Director: Norman Jewison
Stars: James Caan, Maud Adams, John Beck, John Houseman, Moses Gunn, Shane Rimmer
In the future, after another world war and a corporate war, the world is at peace. Corporations run the world and all sponsor a sport called Rollerball. The game consists of two teams using roller skates around a track to try and throw a ball into a bucket (it looks much cooler than it sounds). Jonathan E. (Caan) is the biggest star and the most successful player on the planet, but as his team gets closer to the championship he’s warned by an executive that the time could be ripe for him to step down.

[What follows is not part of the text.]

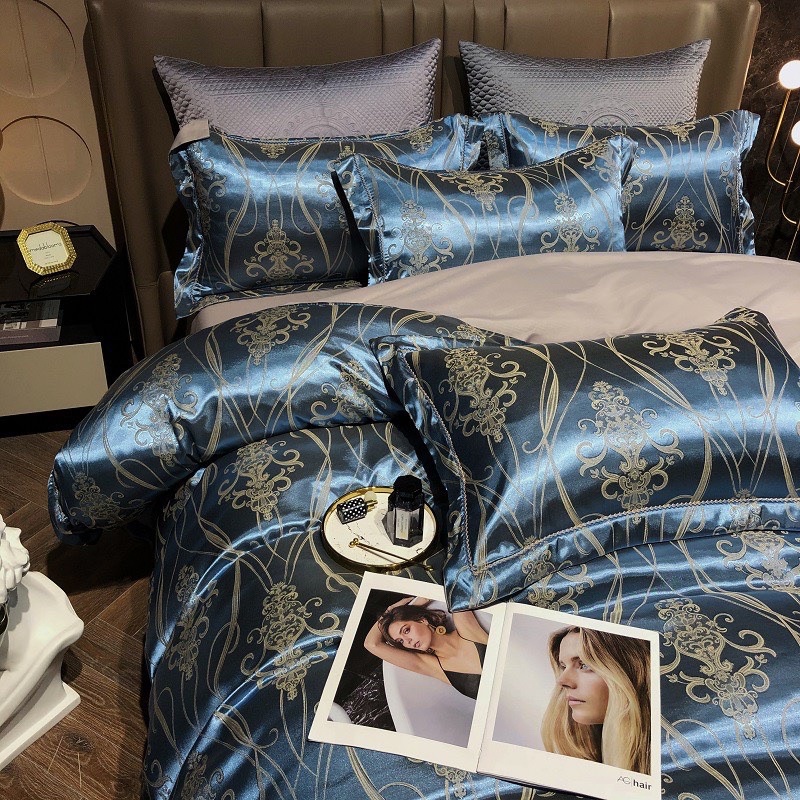 Bộ chăn ga gối gấm cao cấp in hoạ tiết sang trọng,bộ gấm 4 món cao cấp in hoa sang trọng và quý phái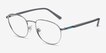 ARNETTE Huancas Matte Silver MetalEyeglass Frames from EyeBuyDirect, Angle View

I’m normally more a fan of sporting movies than I am of sports, but fictional sports can be hit or miss. The actual game of rollerball is fast, frenetic, and brutal. I enjoyed these portions of the film the most. It’s fairly easy to pick up on the rules of the game without there having to be a heavy exposition dump, and you soon feel the tension of the crowd. The film starts off with a match and then slows down into more of a character study as we see Jonathan trying to figure out why the executive wants him to retire so early. The answer, of course, is that Rollerball was made to numb the masses and show that no matter how good an individual is they are subservient to the team. Jonathan is becoming a cult hero and that threatens everything the corporations strived for.
The middle portion of the film bogs down. It’s a sharp contrast to the frenzy of the rollerball arena. Through this we get a sense of the world, that although it’s calm and placid there’s an unnerving sense that all is not quite right. As the film goes along we get a better sense of just how the executives manipulate and control the sport, and there’s genuine tension as the teams get news that arbitrary rules have been changed.
I didn’t care for the self-discovery parts of the film. They dragged out and I’m not sure Caan is the strongest actor to pull off the nuances of the role. I also feel that the film wanted to try and be a bit clever in how it put forward the point it was trying to make, and I think it would have been better served being more straightforward, rather than just showing a bunch of people setting fire to trees. It wasn’t really subtle and it got repetitive. Where the film does shine is the arena. The final two matches are so gruesome and tense, I honestly felt like I was watching an actual match take place. If you don’t mind a bit of social commentary mixed in with your sports films Rollerball is a pretty good one to watch.